»»

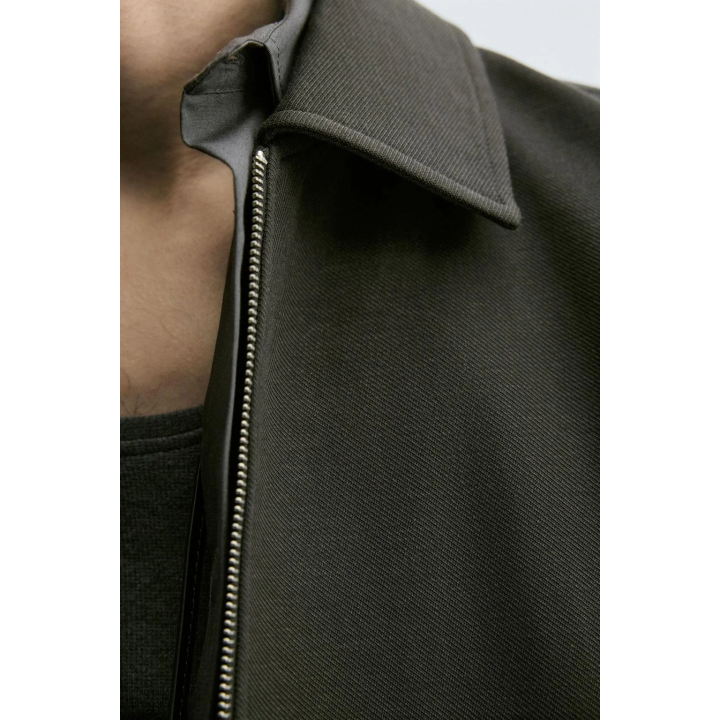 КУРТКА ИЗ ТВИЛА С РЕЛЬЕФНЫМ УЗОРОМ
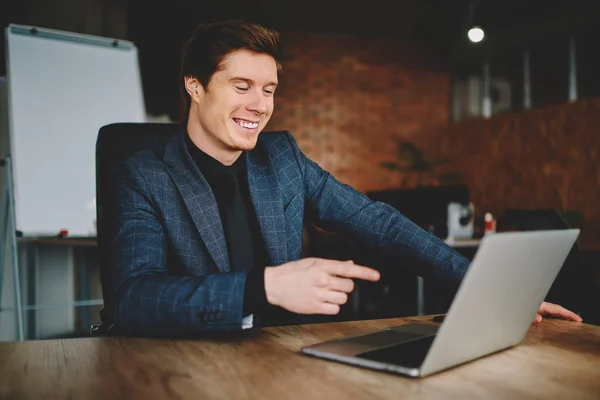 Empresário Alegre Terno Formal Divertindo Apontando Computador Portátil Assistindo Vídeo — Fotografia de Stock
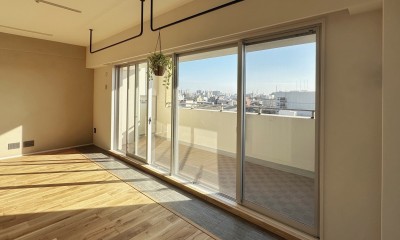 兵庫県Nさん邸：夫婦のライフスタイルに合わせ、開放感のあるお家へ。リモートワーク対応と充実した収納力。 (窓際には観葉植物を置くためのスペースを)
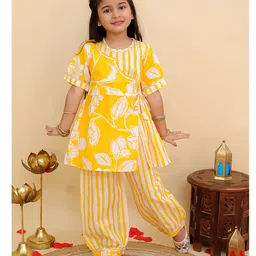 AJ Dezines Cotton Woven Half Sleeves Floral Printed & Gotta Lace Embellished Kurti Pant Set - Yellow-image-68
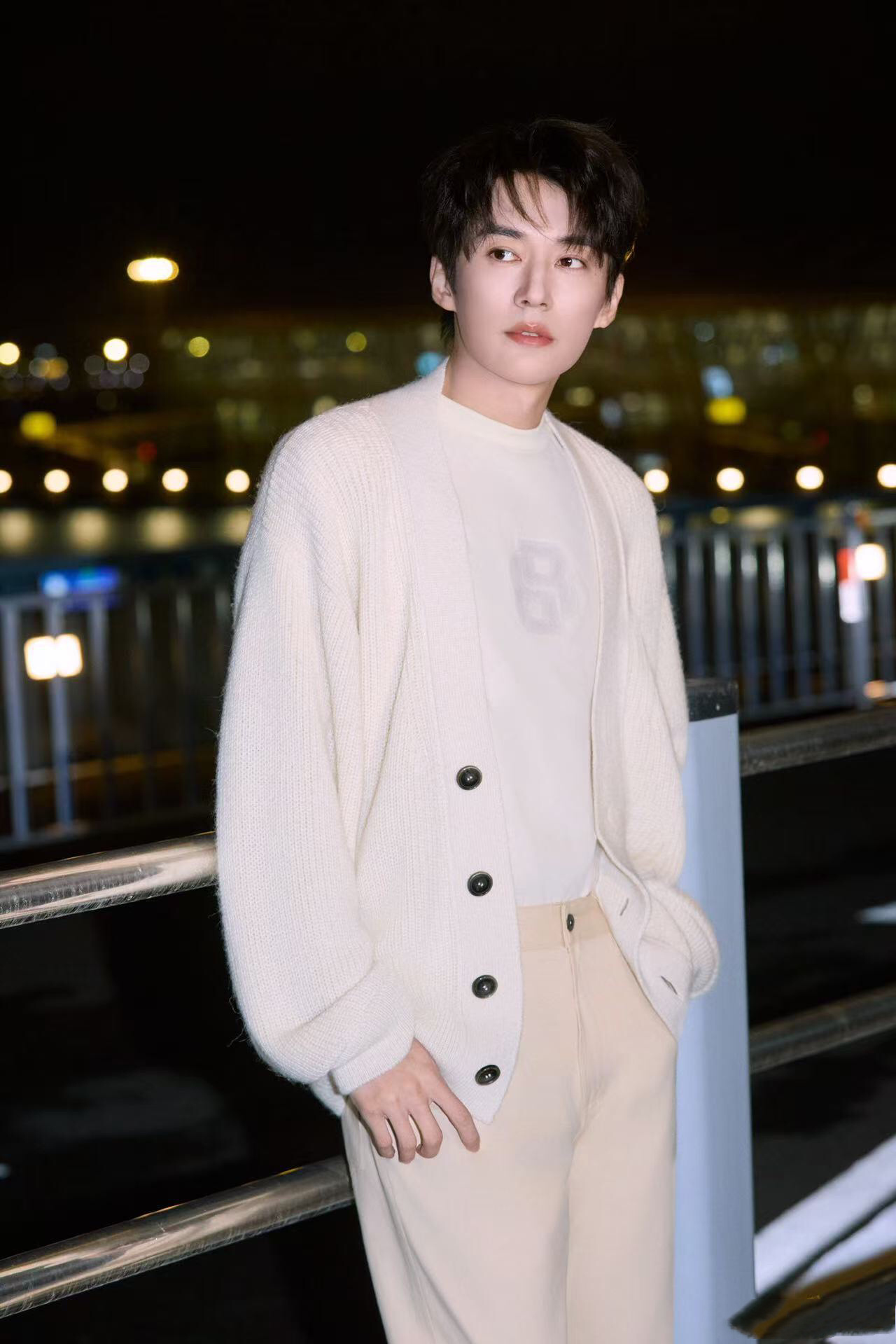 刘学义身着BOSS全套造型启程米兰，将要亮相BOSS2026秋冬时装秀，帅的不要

««

■ **INSTRUCTIONS TO FOLLOW**
All lines from the one containing "AJ Dezines Cotton" through the end of the entries, both ends included, should be written out exactly, with no pictures.

■ **RESPONSE FOR THIS EXERCISE**
 AJ Dezines Cotton Woven Half Sleeves Floral Printed & Gotta Lace Embellished Kurti Pant Set - Yellow-image-68
 刘学义身着BOSS全套造型启程米兰，将要亮相BOSS2026秋冬时装秀，帅的不要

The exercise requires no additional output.